"Isso é lacração" e "Meu Deus, nossos jovens não lerão mais Machado de Assis? Aonde iremos parar?"
Esses foram alguns dos comentários que li nas redes sociais em um dos posts que trazem a seguinte notícia: de 2026 até 2029, a lista de leitura obrigatória da Fuvest, um dos vestibulares mais tradicionais do país, será composta exclusivamente por livros escritos por mulheres.
Ela foi muito compartilhada por veículos e páginas da extrema direita. Estes, sem nenhuma sutileza, se mostraram incrivelmente incomodados e incitaram ódio em seus leitores e seguidores.
Antes de prosseguir com a discussão, cabe aqui um pouco de história. A primeira Fuvest foi a de 1977. No entanto, a primeira edição que contou com uma lista de leitura obrigatória foi a de 1989. Já são 36 anos com listas literárias e 20 edições foram compostas exclusivamente por homens.
Até o momento, apenas quatro mulheres estiveram na lista: Clarice Lispector, Cecília Meireles, Lygia Fagundes Telles e Helena Morley.
Tivemos 20 edições compostas exclusivamente por homens. Por que a notícia de que, pela primeira vez, teremos uma composta exclusivamente por mulheres incomoda tanto?
O mito da autonomia da obra
Para responder a essa pergunta, tive a oportunidade de entrevistar a Tarsilla Couto de Brito. Ela é poeta, ensaísta e professora de teoria literária na Faculdade de Letras da Universidade Federal de Goiás (UFG). Seu foco de pesquisa tem sido a escrita de mulheres, e recentemente realizou um pós-doutorado na Argentina sobre o feminicídio na literatura brasileira.
Para iniciar a discussão, ela contextualiza: "Primeiro, as pessoas tendem a pensar que a literatura é algo que faz parte da vida sem se sujar de vida; gostam de pensar também que a literatura não deveria se misturar com assuntos considerados baixos como política, polêmicos como religião; costumam dizer que literatura para ser boa não tem que se preocupar com denunciar nada, que literatura de verdade diz as coisas mais importantes sem sujar as mãos. Esse senso comum é facilmente datado, inaugura a configuração moderna da literatura e tem um nome teórico: autonomia da obra de arte. Esse é o argumento central em torno do qual se ergue a barricada contra a lista da Fuvest".

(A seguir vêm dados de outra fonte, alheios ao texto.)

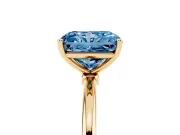 Fancy Blue Radiant Cut Diamond Solitaire Engagement Ring Set in Yellow gold with Thin Band and Prong Setting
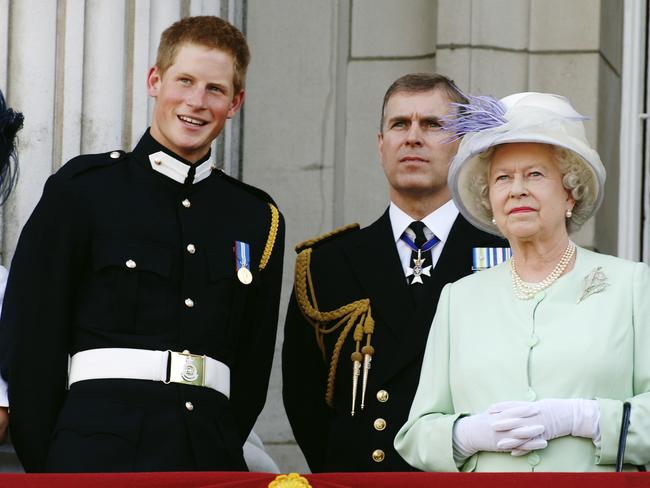 Prince Harry wearing his Sandhurst army uniform, Prince Andrew the Duke of York and HM Queen Elizabeth ll. Picture: Getty Images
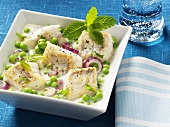 Fish ragout with peas and mint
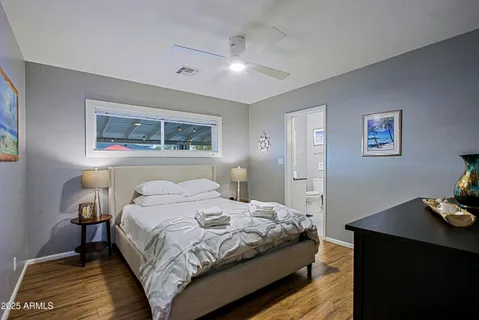a bedroom with a bed and wooden floor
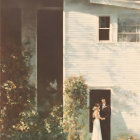 Bride and groom in doorway of old house with sunlit flowers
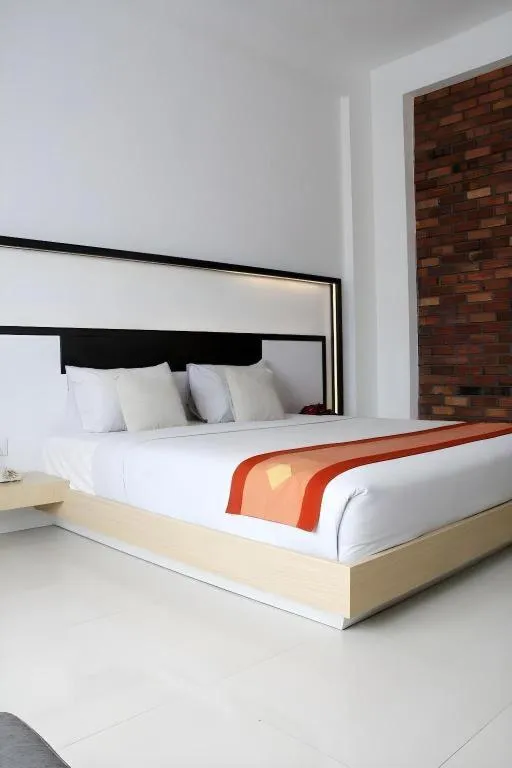 Bed in Buana Lestari Hotel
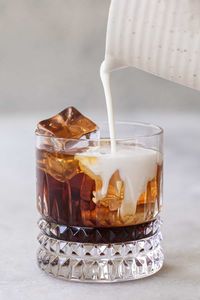 A quick recipe and everything you need to know for how to make a white Russian! This classic cocktail combines vodka, Kahlua and cream. We whipped some of the cream and added it to the top for a whipped white Russian. It's a fantastic cocktail and simple to make. #WhiteRussian #Cocktails #CoffeeCocktail #Kahlua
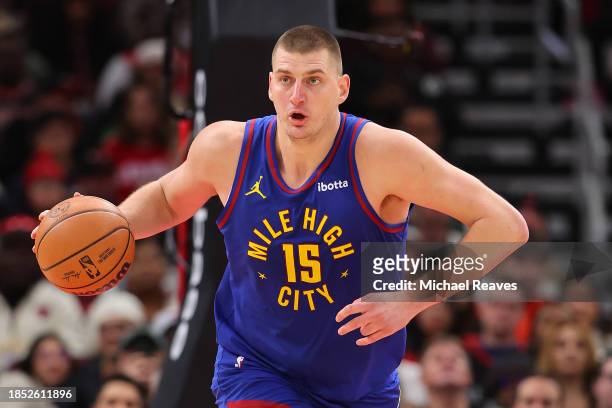 Nikola Jokic of the Denver Nuggets dribbles up the court against the Chicago Bulls during the first half at the United Center on December 12, 2023 in...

Trazendo o debate para o Brasil, ela comenta: "É possível demonstrar que o mundo das letras não funciona de forma a valorizar a autonomia da obra de arte assim na prática: existem inúmeras forças que agem com a finalidade de promover uma ideia, um livro ou um autor. Cem anos atrás, na época dos modernistas paulistas, as principais forças eram a Academia Brasileira de Letras, os jornais do eixo Rio-São Paulo com suas notas de crítica literária, as poucas editoras e importadoras de livros e os mecenas como Paulo Prado."
"Mais ou menos na mesma época em que ocorreu a Semana de Arte de 22 ocorreram outros eventos importantes no Nordeste que, se tivessem sido bem agenciados, seriam considerados nas grades curriculares das escolas atuais como eventos modernistas. Mas, segundo o relato de Gilberto Freyre, o modernismo do Nordeste perdeu a disputa e não entrou para a grande história da literatura brasileira. Tem sempre alguém dando um empurrãozinho."
Pouco mudou sobre isso: "Dizer o que é a boa literatura, quem deve ser lido, como deve ser lido traz superpoderes e, por isso, é algo disputadíssimo. Hoje, as listas de processos seletivos fazem parte dessa disputa, assim como feiras literárias como a Flip, prêmios como Jabuti, casas de escrita criativa como a Casa das Rosas, as faculdades de letras de todo o país, os professores-poetas, os documentos governamentais que regulam o ensino de língua portuguesa e literatura. A autonomia da obra de arte literária é um dos grandes mitos fundadores da modernidade."
Alternativas ao cânone
Sobre a lista composta exclusivamente por mulheres, ela acredita que o impacto será positivo. "Afinal, lemos pouca literatura dissidente do cânone na escola. E quando a lemos, lemos com os mesmo instrumentos de leitura, como a tal da ideia da autonomia, e ainda podemos acrescentar: ironia, paradoxo, singularização da personagem, estranhamento da linguagem – são todos protocolos de leitura da modernidade que estão presentes nos livros didáticos como se tivessem nascidos juntos com Adão e Eva ou com Gilgamesh (a depender do credo do leitor)."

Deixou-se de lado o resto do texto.